About this exercise
Set down nothing but the lines from the one containing "Anfangsbuchstabe qj lion" to the final line of the material, exactly as written, and drop the pictures.

------------------------------------

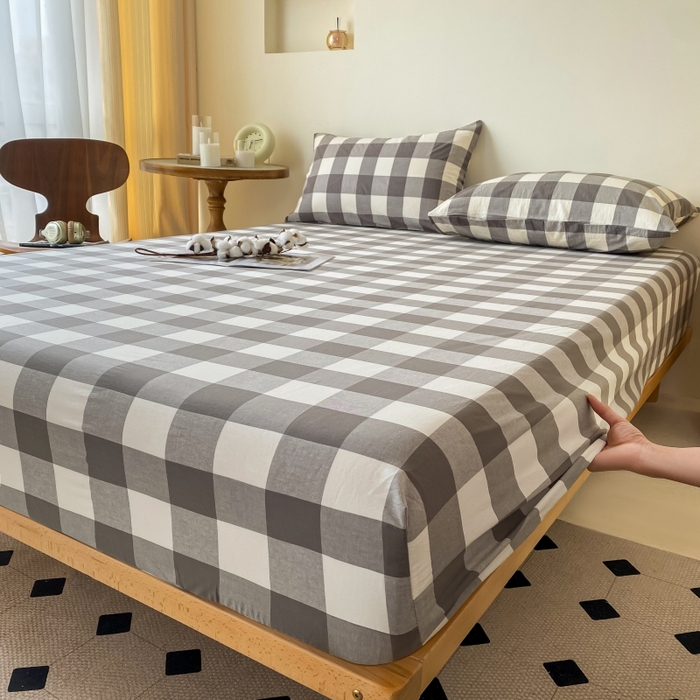 91家纺网 家纺一手货源 找家纺 寐眠 2024新款全棉水洗棉床单床笠单品-单床笠 灰中格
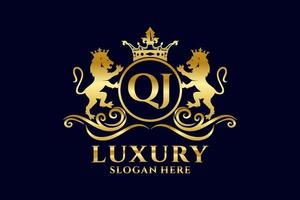 Anfangsbuchstabe qj lion royal Luxus-Logo-Vorlage in Vektorgrafiken für luxuriöse Branding-Projekte und andere Vektorillustrationen. vektor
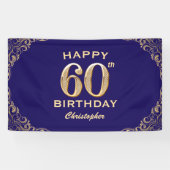 60e verjaardag Navy Blue en Gold Glitter Spandoek (Horizontaal)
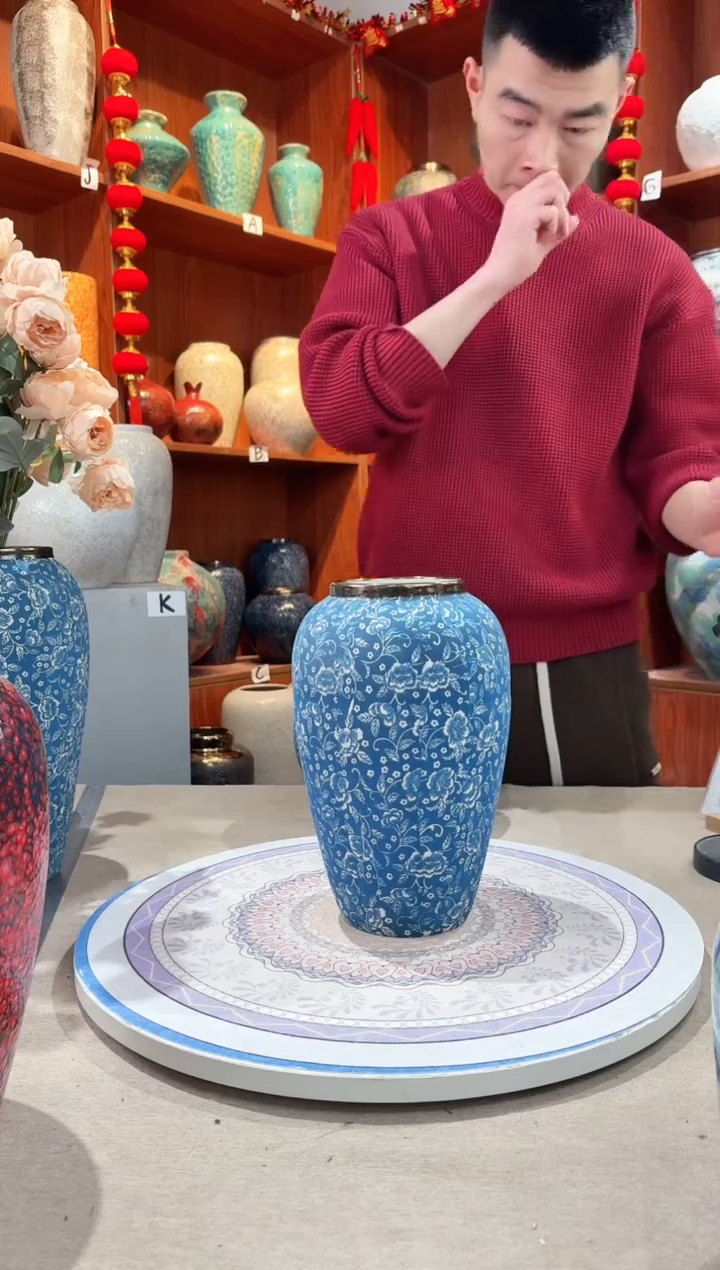 【闪购商品】瓶陶瓷花瓶 无花 芙蓉青花中号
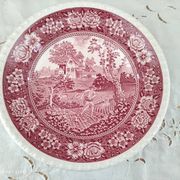 Set of 6 hollow plates in opaque porcelain Villeroy & Boch model Rusticana red English décor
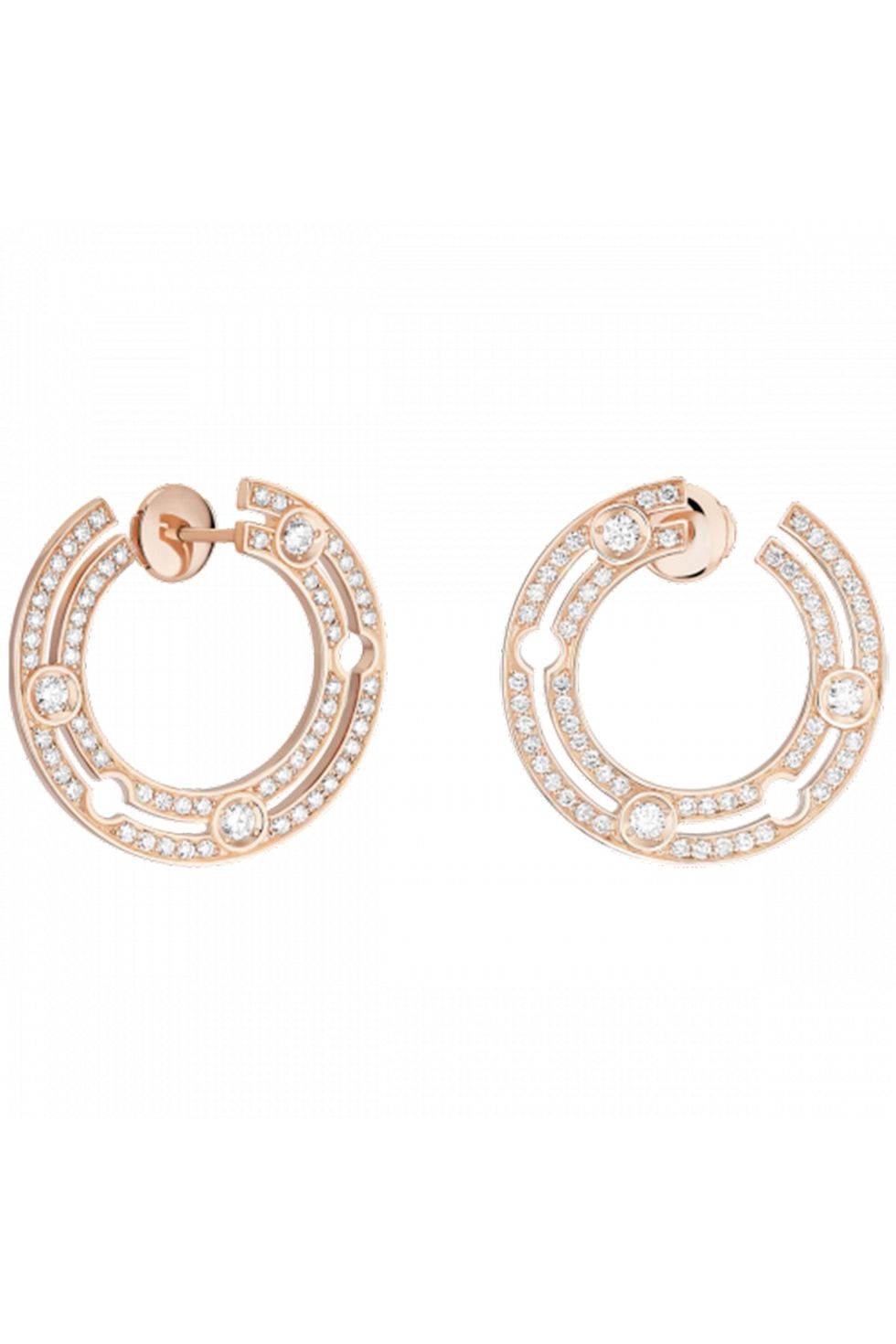 Idylle Blossom Hoops, Pink Gold And Diamonds - Jewelry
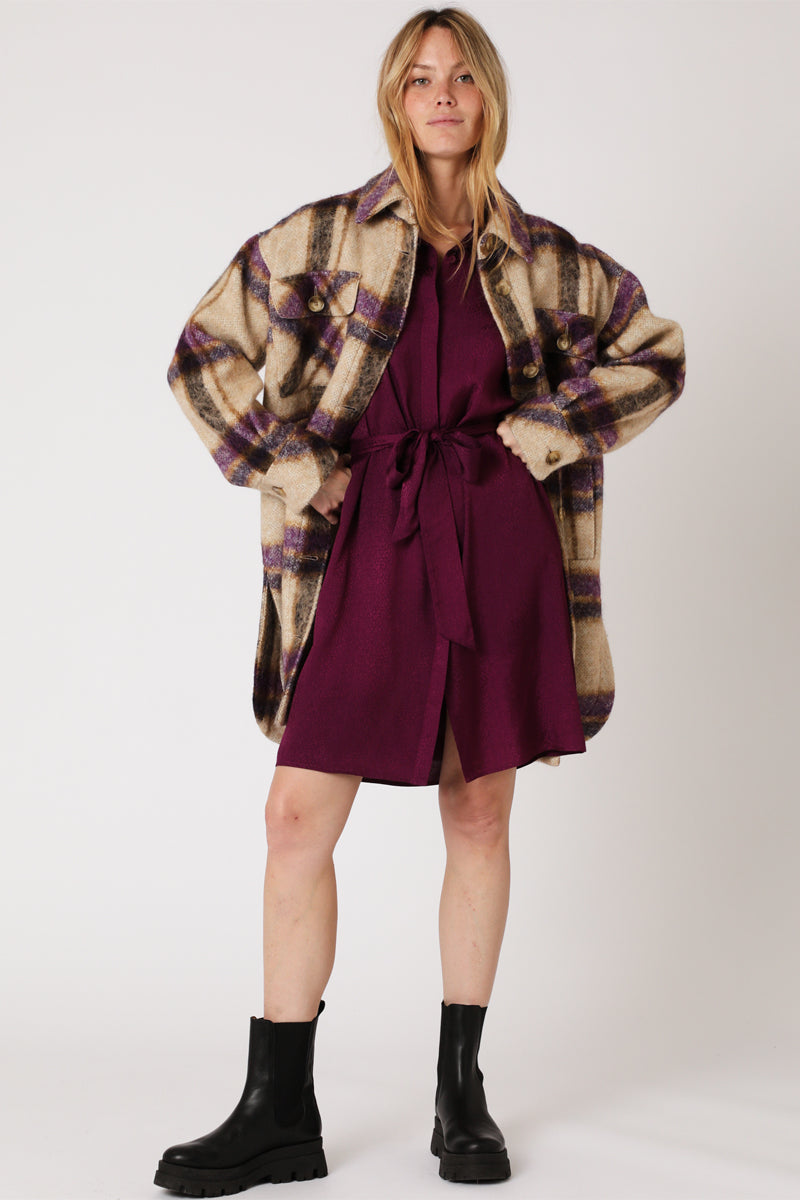 Berenice - Short Gathered Long-Sleeve Shirt Dress - Dark Purple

------------------------------------

Task solution
 Anfangsbuchstabe qj lion royal Luxus-Logo-Vorlage in Vektorgrafiken für luxuriöse Branding-Projekte und andere Vektorillustrationen. vektor
 60e verjaardag Navy Blue en Gold Glitter Spandoek (Horizontaal)
 【闪购商品】瓶陶瓷花瓶 无花 芙蓉青花中号
 Set of 6 hollow plates in opaque porcelain Villeroy & Boch model Rusticana red English décor
 Idylle Blossom Hoops, Pink Gold And Diamonds - Jewelry
 Berenice - Short Gathered Long-Sleeve Shirt Dress - Dark Purple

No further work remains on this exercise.